Modern science, which is a by-product and an essential part of the people's revolution, has made it technologically possible to see that all of the people of the world get enough to eat. Half in fun and half seriously, I said the other day to Madame Litvinov: "The object of this war is to make sure that everybody in the world has the privilege of drinking a quart of milk a day." She replied: "Yes, even half a pint." The peace must mean a better standard of living for the common man, not merely in the United States and England, but also in India, Russia, China and Latin America — not merely in the United Nations, but also in Germany and Italy and Japan.

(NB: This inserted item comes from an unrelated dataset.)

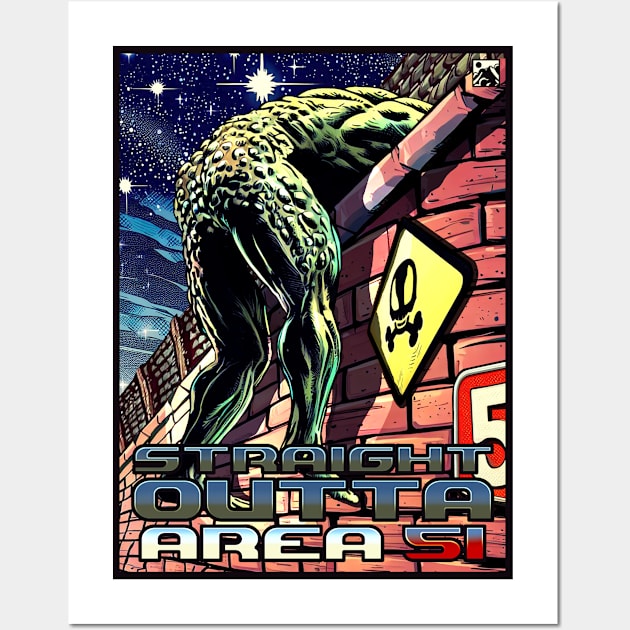 Straight Outta Area 51 Wall Art by cloudlanddesigns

Some have spoken of the "American Century." I say that the century on which we are entering — The century which will come out of this war — can be and must be the century of the common man. Perhaps it will be America's opportunity to suggest that Freedoms and duties by which the common man must live. Everywhere the common man must learn to build his own industries with his own hands is a practical fashion. Everywhere the common man must learn to increase his productivity so that he and his children can eventually pay to the world community all that they have received. No nation will have the God-given right to exploit other nations. Older nations will have the privilege to help younger nations get started on the path to industrialization, but there must be neither military nor economic imperialism. The methods of the nineteenth century will not work in the people's century which is now about to begin. India, China, and Latin America have a tremendous stake in the people's century. As their masses learn to read and write, and as they become productive mechanics, their standard of living will double and treble. Modern science, when devoted whole-heartedly to the general welfare, has in it potentialities of which we do not yet dream.

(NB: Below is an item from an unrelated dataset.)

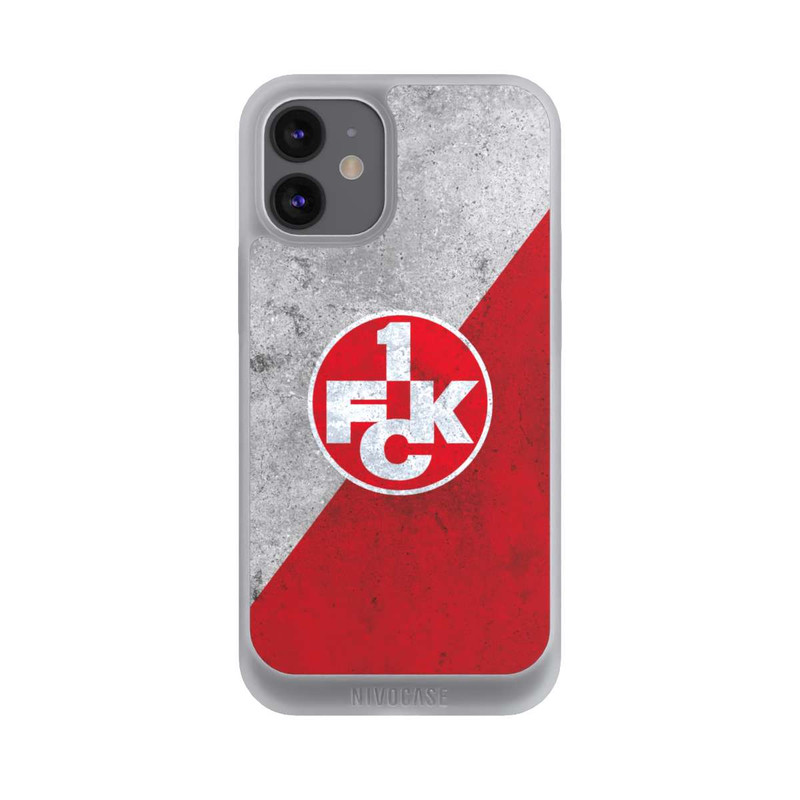 iPhone 12 mini NIVOpure 1.FC Kaiserslautern-Beton Logo red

And modern science must be released from German slavery. International cartels that serve American greed and the German will to power must go. Cartels in the peace to come must be subjected to international control for the common man, as well as being under adequate control by the respective home governments. In this way, we can prevent the Germans from again building a war machine while we sleep. With international monopoly pools under control, it will be possible for inventions to serve all the people instead of only a few.

Yes, and when the time of peace comes, The citizen will again have a duty, The supreme duty of sacrificing the lesser interest for the greater interest of the general welfare. Those who write the peace must think of the whole world. There can be no privileged peoples. We ourselves in the United States are no more a master race than the Nazis. And we can not perpetuate economic warfare without planting the seeds of military warfare. We must use our power at the peace table to build an economic peace that is just, charitable and enduring.